Tuesday, May 29, 2012

Pasta with Asparagus and Snap Peas

I still might be waiting for things to happen in my garden, but all the great contributors to the local farmer’s market are more than making up for that by bringing in loads of lovely stuff. Ah, what lovely stuff! It’s the kind of stuff I want to eat all up, bare and raw right out of the bag on the 5 minute ride home.

This week, I found myself with some of the most deliciously sweet asparagus I’ve ever tasted and some wonderfully sweet and crisp sugar snap peas, the first local ones I’ve seen this season. I briefly blanched the asparagus and snap peas in some water I got boiling for pasta, then tossed them with that pasta along with sautéed scallions, lemon, white wine, and just a bit of half and half. The recipe on which I based this dish included a generous dose of bacon, but I –gasp- left it out. I wanted to feature the vegetables and enhance them with the wine and lemon, not hide them under the bacon.

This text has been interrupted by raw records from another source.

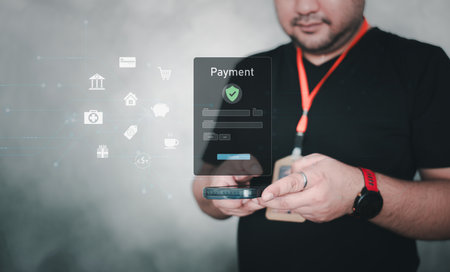 An officer uses mobile payment authentication on a laptop for secure online shopping transaction, completing digital banking with smartphone verification and account protection.の写真素材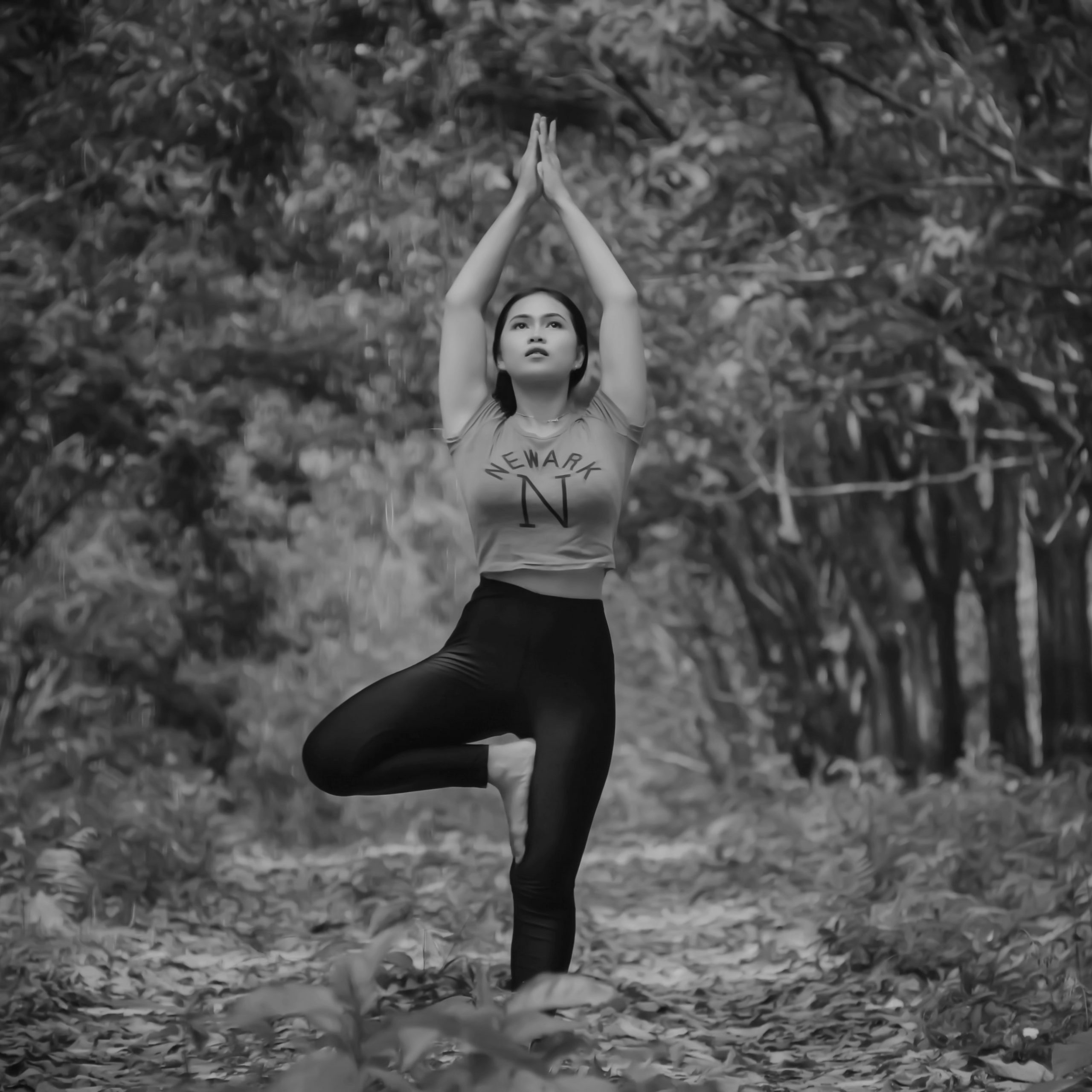 Lady doing light workout by standing on one leg and having her arms above head in the nature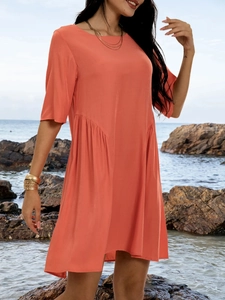 Detail of coral orange pleated dress showing waist stitching and loose A-line silhouette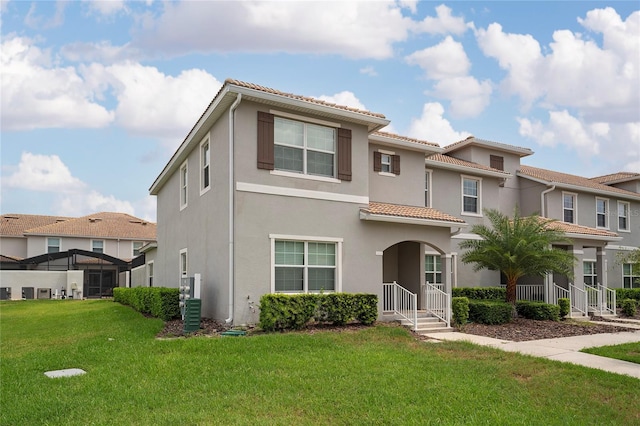 4974 Windermere Ave, Kissimmee, FL 34746 - view of front of home with a tiled roof, a front yard, and stucco siding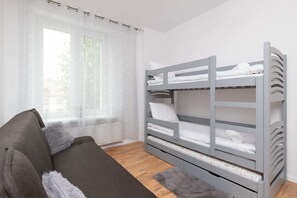 A bedroom with two bunk beds, perfect for families or groups. The room feels bright and inviting due to the light-colored walls and large window.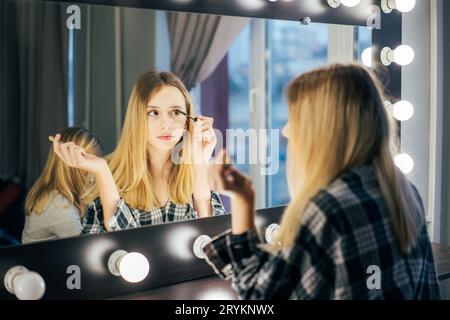 Elegante ragazza indossa il mascara sulle ciglia. La ragazza nel camerino di fronte allo specchio fa un trucco. persona prima di t Foto Stock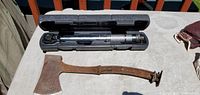 Photo showing large rusty hatchet and automatic torque wrench in case on table.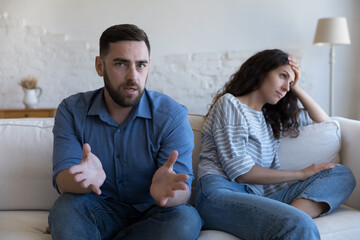 Tired married couple taking online counseling, husband speaking at camera, annoyed wife touching head, looking away, sitting on sofa at home, going through relationship crisis, problems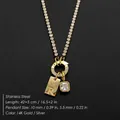 14K gold plated stainless steel necklace with rhinestone initial R pendant variant. - Letter R (XNL0116)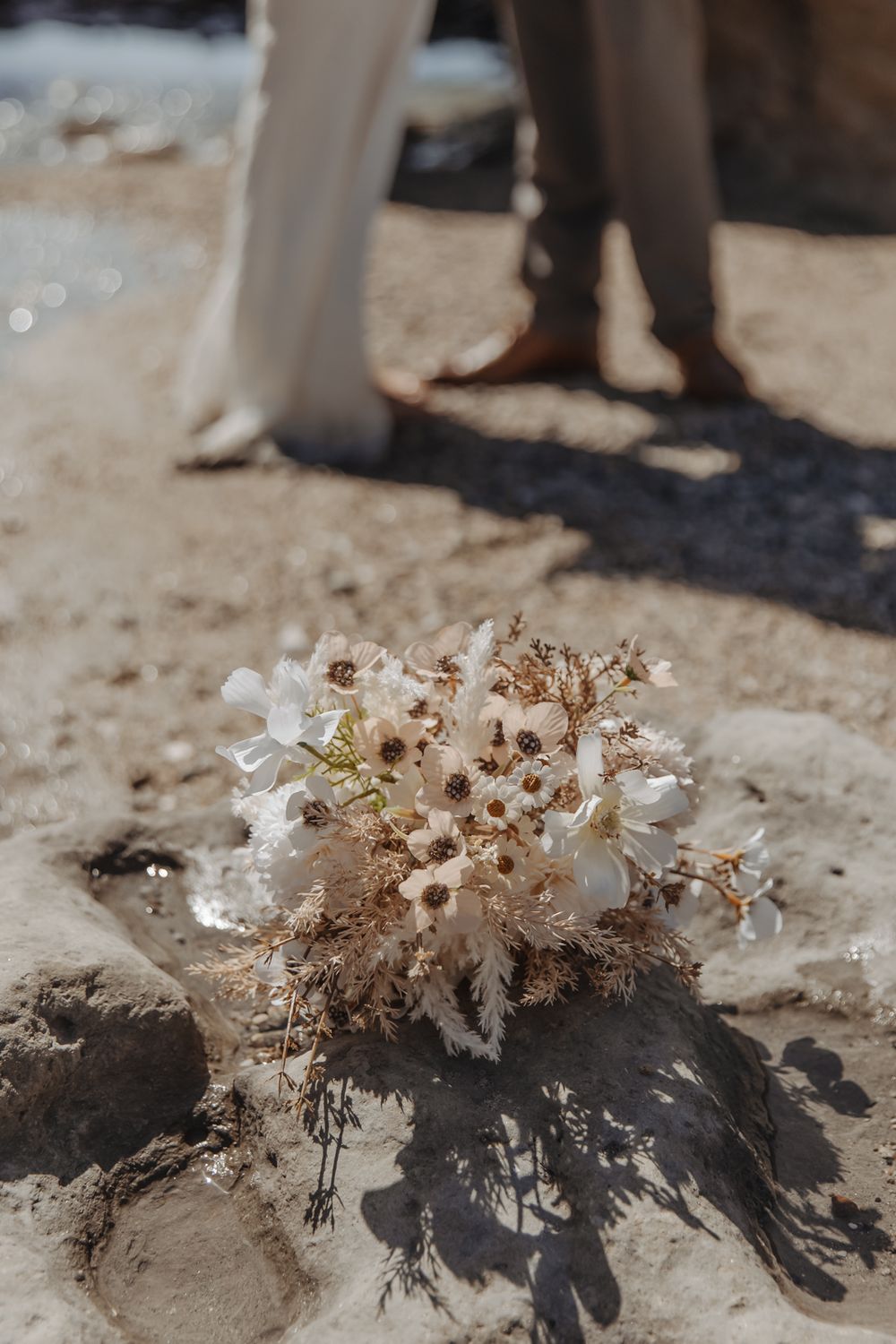 close up of details of brides bouquet during a West coast beach beach wedding while couple have romantic intimate moment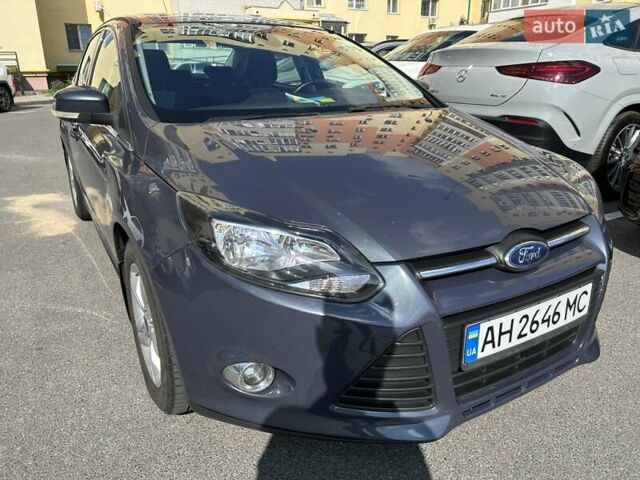Синій Форд Фокус, об'ємом двигуна 1.6 л та пробігом 147 тис. км за 7799 $, фото 3 на Automoto.ua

I loved the lemon in this dish, and there was a good dose of it in the form of both juice and grated zest. I like the extra bit of flavor a crisp, light white wine gives, too. I used a Vinho Verde (from Portugal), which had a good balance of lemony tartness and gentle mineral flavor. I almost always use something very inexpensive to cook with. It just so happens that I like to drink most of these cheap bottles with dishes like this as well. If you already know what you like, use that, but if you’re not that into wine, I’d recommend something like the Vinho Verde (they can be less than seven bucks), or a Sauvignon Blanc or unoaked Chardonnay. Since there’s so little wine in this recipe, you could replace it with broth or pasta-cooking water if you’re not into wine at all.

I suppose this is kind of a “pasta primavera” recipe, and you could definitely replace the asparagus and snap peas with just about any other tender spring vegetables you like. I do recommend blanching the vegetables before mixing them with the pasta and other flavors, just so they’re not too hard and crunchy. Since you’ll be boiling the water for pasta anyway, it’s pretty simple to just use that water to blanch the vegetables, too. Really, it’s the method for this dish that’s valuable, since you could add, subtract, multiply and divide as desired, and have a great go-to quick dish for enjoying all the wonderful fresh vegetables out there.

At least that’s my plan. Of course, if you need to add bacon, or sausage, or chicken, or ham, you might not be onto such a bad plan either.

Pasta with Asparagus, Snap Peas and Lemon
Based on a recipe by Molly Stevens in Lunds and Byerly’s Real Food magazine

Water and salt for cooking pasta and vegetables
8 ounces asparagus cut into 2-3 inch pieces
4 ounces sugar snap peas, ends and strings removes, cut in half
½ pound dry pasta (I used fettuccine)
2 tablespoons olive oil
1 cup finely chopped scallions
¼ teaspoon coarse salt
zest of 1 lemon, finely grated
juice of 1 lemon
¼ cup dry white wine
2 tablespoons half and half or heavy cream
½ cup freshly grated Parmesan cheese, plus more for serving

1. Bring a large pot of water (large enough to cook pasta) to a boil. Salt generously. Add the asparagus and sugar snap peas. Cook 2 minutes. Remove the asparagus and snap peas and drain. Set aside. Add the pasta to the boiling water and cook until tender.

2. Meanwhile, heat the olive oil in a large skillet over medium-high heat. Add the scallions and ¼ teaspoon salt. Cook, stirring frequently, about 5 minutes or until the scallions are tender, but not yet browning.

3. Add the lemon zest and juice and the wine. Bring to a boil and add the asparagus and snap peas. If the pasta is not yet cooked, remove the pan with the onion mixture from the heat and wait until the pasta is done. Otherwise, proceed to the next step.

4. Drain the pasta, reserving a half cup of pasta cooking water, and add it to the onion mixture, or transfer the pasta directly to the pan from the boiling water. Add the half and half and Parmesan and stir to coat the pasta and vegetables. If the dish seems dry, add some of the reserved pasta cooking water. Serve with additional Parmesan.